* [Your objective]:
Scan the entries below for the word "Sale" and copy every line in which it occurs.

Data entries:
───

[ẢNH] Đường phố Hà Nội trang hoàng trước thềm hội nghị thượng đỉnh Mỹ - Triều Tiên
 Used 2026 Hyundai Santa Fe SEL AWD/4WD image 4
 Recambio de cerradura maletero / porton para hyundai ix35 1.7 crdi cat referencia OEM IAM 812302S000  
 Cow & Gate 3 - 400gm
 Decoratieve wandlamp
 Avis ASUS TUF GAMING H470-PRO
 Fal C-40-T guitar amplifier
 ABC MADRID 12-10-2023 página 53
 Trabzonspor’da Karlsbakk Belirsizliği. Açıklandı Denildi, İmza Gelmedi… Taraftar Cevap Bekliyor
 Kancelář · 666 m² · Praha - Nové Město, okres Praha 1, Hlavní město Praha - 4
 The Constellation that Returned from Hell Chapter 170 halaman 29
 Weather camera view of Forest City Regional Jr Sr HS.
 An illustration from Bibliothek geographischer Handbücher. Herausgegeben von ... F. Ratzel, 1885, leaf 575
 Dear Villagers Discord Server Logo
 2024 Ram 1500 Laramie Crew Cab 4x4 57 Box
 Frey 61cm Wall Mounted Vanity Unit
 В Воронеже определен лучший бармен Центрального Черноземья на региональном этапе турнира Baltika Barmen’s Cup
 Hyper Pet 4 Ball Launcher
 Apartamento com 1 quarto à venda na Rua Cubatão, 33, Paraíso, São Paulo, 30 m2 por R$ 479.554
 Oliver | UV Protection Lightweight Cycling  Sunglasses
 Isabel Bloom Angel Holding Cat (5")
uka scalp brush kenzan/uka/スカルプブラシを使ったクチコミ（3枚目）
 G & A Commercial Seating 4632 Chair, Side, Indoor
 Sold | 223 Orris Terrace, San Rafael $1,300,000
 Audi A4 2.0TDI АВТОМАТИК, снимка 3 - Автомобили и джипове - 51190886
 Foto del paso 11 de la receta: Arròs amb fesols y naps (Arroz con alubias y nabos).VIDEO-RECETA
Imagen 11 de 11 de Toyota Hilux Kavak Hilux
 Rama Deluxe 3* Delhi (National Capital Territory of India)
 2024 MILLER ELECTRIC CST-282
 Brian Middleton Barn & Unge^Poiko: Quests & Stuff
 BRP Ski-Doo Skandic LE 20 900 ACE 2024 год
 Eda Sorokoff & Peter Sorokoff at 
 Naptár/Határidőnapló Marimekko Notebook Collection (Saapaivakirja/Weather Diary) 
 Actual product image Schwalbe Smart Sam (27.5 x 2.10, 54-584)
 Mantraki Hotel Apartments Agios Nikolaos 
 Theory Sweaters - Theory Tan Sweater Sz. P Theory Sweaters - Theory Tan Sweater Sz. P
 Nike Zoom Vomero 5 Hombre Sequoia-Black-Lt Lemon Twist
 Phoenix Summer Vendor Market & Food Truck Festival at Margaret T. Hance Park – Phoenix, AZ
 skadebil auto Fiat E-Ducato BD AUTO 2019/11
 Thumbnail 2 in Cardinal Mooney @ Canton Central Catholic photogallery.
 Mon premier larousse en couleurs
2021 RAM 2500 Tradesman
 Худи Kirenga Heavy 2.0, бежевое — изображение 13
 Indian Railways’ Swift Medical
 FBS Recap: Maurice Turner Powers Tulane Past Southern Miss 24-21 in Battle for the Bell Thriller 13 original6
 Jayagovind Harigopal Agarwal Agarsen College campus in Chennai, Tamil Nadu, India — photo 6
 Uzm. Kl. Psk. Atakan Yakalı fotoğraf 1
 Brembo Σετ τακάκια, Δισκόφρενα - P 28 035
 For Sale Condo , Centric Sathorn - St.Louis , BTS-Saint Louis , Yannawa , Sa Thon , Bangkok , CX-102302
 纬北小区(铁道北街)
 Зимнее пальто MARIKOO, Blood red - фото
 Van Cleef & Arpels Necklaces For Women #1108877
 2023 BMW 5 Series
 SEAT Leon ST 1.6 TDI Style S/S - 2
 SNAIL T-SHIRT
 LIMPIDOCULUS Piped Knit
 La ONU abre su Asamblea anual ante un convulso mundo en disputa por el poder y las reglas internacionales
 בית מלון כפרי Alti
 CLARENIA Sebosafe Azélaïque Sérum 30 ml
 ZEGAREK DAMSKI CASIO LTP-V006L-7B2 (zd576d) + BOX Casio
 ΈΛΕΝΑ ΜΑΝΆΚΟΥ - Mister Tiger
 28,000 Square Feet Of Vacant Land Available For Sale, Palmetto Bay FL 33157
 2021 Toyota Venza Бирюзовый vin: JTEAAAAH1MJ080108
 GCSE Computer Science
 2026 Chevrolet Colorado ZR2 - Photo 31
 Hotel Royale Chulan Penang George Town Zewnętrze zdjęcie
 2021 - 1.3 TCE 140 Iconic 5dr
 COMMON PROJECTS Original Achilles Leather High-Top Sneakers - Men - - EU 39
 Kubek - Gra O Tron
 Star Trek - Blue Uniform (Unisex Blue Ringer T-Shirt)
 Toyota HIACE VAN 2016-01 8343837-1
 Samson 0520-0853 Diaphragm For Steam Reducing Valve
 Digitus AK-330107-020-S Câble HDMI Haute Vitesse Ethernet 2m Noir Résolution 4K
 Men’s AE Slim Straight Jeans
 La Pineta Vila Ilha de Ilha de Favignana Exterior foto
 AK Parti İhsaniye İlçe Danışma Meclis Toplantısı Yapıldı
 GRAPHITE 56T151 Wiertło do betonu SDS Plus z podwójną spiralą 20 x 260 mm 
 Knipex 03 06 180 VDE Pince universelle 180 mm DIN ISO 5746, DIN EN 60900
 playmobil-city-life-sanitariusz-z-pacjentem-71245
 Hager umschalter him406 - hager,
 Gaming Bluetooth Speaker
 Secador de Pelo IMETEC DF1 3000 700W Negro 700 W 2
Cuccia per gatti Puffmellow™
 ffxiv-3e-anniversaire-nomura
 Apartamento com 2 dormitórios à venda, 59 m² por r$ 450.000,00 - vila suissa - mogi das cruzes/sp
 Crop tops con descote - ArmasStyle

───

* [Result below]:
 For Sale Condo , Centric Sathorn - St.Louis , BTS-Saint Louis , Yannawa , Sa Thon , Bangkok , CX-102302
 28,000 Square Feet Of Vacant Land Available For Sale, Palmetto Bay FL 33157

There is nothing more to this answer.